● **What the task requires**
From the entries below, extract every line that includes the word "image".

Dataset excerpts
■ ■ ■

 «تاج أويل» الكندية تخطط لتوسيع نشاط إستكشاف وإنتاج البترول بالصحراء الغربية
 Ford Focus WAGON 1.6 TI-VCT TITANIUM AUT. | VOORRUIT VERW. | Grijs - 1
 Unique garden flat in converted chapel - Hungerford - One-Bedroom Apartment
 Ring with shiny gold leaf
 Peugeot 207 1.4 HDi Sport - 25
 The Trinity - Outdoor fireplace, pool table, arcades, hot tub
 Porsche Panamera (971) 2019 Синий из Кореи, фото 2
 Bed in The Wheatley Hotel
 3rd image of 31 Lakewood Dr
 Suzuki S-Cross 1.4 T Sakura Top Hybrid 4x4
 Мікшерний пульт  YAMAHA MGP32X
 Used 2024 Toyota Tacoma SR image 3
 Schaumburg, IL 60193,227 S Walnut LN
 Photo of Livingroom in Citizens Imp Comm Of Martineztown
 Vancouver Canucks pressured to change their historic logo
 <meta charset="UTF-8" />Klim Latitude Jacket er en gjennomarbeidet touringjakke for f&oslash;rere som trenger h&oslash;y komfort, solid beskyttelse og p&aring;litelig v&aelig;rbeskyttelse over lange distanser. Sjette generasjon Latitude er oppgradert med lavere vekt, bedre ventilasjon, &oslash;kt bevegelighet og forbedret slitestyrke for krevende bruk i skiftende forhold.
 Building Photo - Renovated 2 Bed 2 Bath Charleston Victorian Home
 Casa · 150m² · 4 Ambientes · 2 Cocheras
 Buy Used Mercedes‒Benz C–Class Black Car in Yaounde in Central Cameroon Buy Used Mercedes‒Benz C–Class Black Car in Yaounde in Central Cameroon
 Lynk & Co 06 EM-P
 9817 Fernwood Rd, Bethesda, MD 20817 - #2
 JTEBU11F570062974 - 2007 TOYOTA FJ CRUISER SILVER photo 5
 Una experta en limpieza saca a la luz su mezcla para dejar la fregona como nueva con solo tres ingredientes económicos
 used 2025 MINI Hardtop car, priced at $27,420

■ ■ ■

● **Answer to the exercise**
 3rd image of 31 Lakewood Dr
 Used 2024 Toyota Tacoma SR image 3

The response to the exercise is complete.